Ellen Bialystok is a Distinguished Research Professor of Psychology at York University and Associate Scientist at the Rotman Research Institute of the Baycrest Centre for Geriatric Care.  She received her Ph.D. from the University of Toronto in 1976 and has been a fellow of the Royal Society of Canada since 2003.  Much of her research has focused on the effect of bilingualism on children’s language and cognitive development, showing accelerated mastery of specific cognitive processes for bilingual children.  This research has now been extended to investigations of adult processing and cognitive aging, showing the continuity of these bilingual advantages into adulthood and the protection against cognitive decline in healthy aging for bilingual older adults.  Other research includes studies of literacy acquisition in young children, models of metalinguistic awareness and second-language acquisition, and the development of spatial cognition and its relation to other cognitive abilities.  She is the author or editor of 7 books and over 100 scientific papers in journals and books.  Among her awards are a Killam Research Fellowship, Walter Gordon Research Fellowship, Dean’s Award for Outstanding Research, and Language Learning Distinguished Scholar in Residence.   
 

Nick Ellis, University of Michigan

Plenary Title: Implicit and Explicit SLA and their Interface

Bio

Nick Ellis is currently Research Scientist at the English Language Institute, Professor of Psychology, and Professor of Linguistics at the University of Michigan. Previously he was for many years in the School of Psychology at University of Wales, Bangor. His research interests include language acquisition, cognition, reading in different languages, corpus linguistics, cognitive linguistics, applied psycholinguistics, complex systems, and computational modeling. Currently his research focuses on second language acquisition, particularly (1) explicit and implicit language learning and their interface, (2) usage-based acquisition and the probabilistic tuning of the system, (3) learned attention and language transfer, (4) vocabulary and phraseology, (5) emergentist accounts of language acquisition, (6) the advanced language learner, (7) applications of psychological theory in language testing and instruction, and (8) scale-free properties of language and their implications for acquisition and use. 

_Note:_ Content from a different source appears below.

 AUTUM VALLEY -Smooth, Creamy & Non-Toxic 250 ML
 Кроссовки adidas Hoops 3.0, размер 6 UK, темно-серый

He is the author of more than 130 scientific papers and book chapters and has edited books on Implicit and Explicit Learning of Languages (Academic Press, 1994), Handbook of Spelling: Theory, Process and Intervention (John Wiley, 1994, with Gordon Brown), and Handbook of Cognitive Linguistics and Second Language Acquisition (Routledge, 2008, with Peter Robinson). He served as editor of Language Learning from 1998–2002 and is currently the general editor. 
 

Arthur S. Reber, Brooklyn College

Plenary Title: A few oft-unacknowledged aspects of implicit learning — with, perhaps, some novel ways to think about L1 and L2 acquisition

Bio

Born 1940 in Philadelphia, PA, Ivy-schooled with BA from University of Pennsylvania in 1961 and Ph.D. from Brown in 1966. At Brown I was caught in a wonderful bind. Behaviorism was still pretty much in control at Brown but cognitive psychology was brewing to the north at Harvard. Regular pilgrimages were made to spend time with George Miller and his group. 

From these interactions emerged the technique of using artificial grammars to study implicit learning and the gradual development of a theoretical framework that could account for how complexly patterned functions like language could be acquired without top-down modulation.  

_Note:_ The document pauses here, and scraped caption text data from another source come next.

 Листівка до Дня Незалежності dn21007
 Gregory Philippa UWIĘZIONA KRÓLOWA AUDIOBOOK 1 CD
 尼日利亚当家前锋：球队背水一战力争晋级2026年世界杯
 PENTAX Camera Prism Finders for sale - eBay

The next forty-plus years were focused on this topic and its extended entailments — punctuated by side trips into mathematical models, lexicography, philosophy of mind and poker. 

Academic life took me to the University of British Columbia in Vancouver, Canada from 1966 to 1970 and thereafter to Brooklyn College and the Graduate Center of the City University of New York with year-long stints as Fulbright Professor at the University of Innsbruck, Austria (1977-78) and Visiting Professor at University of Wales, Bangor (1994-95). 

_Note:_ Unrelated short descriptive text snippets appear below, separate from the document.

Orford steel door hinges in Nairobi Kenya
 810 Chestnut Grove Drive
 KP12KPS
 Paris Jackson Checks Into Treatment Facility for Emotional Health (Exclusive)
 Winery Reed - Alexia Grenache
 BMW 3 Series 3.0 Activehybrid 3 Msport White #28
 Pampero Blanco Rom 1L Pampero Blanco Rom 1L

I retired in ’05 and moved to Point Roberts, WA, a geographic oddity (an “exclave”) that is physically separate from the rest of the state. I currently hold a Visiting Professorship back at UBC in Vancouver. 
 

Bill VanPatten, Texas Tech University

Plenary Title: Stubborn Syntax: How it Resists Explicit Learning

Bio

Bill VanPatten is currently Professor of Applied Linguistics and Second Language Studies at Texas Tech University. He is well known for his work in input processing, processing instruction, and general second language acquisition. He is also widely known in applied SLA for his work in communicative language teaching. His current research is focused on monolingual, heritage, and L2 learners’ sentence processing as well as the interface between morphology and syntax in second language acquisition. When not engaged in research and teaching, he writes fiction and naps with his dog, Murphy. 
 

Michael Ullman, Georgetown University

Plenary Title: Declarative and procedural memory in first and second language

Bio

Michael Ullman, Ph.D., is Professor in the Departments of Neuroscience, Psychology, Linguistics and Neurology, Director of the Brain and Language Lab, and Co-Director of the Center for the Brain Basis of Cognition, at Georgetown University. His research primarily examines the neurocognition of language and its relation to memory in first and second language and in brain disorders.